**** INPUT FOR THIS TASK ****

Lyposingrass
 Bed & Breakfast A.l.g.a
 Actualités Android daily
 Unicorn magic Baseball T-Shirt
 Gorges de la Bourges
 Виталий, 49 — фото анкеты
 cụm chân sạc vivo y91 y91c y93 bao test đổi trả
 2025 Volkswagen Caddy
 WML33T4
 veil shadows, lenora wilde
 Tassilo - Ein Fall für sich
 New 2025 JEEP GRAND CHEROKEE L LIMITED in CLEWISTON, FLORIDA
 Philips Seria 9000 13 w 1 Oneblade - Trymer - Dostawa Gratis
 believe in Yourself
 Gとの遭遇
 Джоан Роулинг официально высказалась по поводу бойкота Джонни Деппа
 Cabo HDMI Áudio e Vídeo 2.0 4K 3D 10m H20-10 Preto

****

# TASK DESCRIPTION:
Transcribe the listing above exactly, including every line.

# WORKED SOLUTION:
Lyposingrass
 Bed & Breakfast A.l.g.a
 Actualités Android daily
 Unicorn magic Baseball T-Shirt
 Gorges de la Bourges
 Виталий, 49 — фото анкеты
 cụm chân sạc vivo y91 y91c y93 bao test đổi trả
 2025 Volkswagen Caddy
 WML33T4
 veil shadows, lenora wilde
 Tassilo - Ein Fall für sich
 New 2025 JEEP GRAND CHEROKEE L LIMITED in CLEWISTON, FLORIDA
 Philips Seria 9000 13 w 1 Oneblade - Trymer - Dostawa Gratis
 believe in Yourself
 Gとの遭遇
 Джоан Роулинг официально высказалась по поводу бойкота Джонни Деппа
 Cabo HDMI Áudio e Vídeo 2.0 4K 3D 10m H20-10 Preto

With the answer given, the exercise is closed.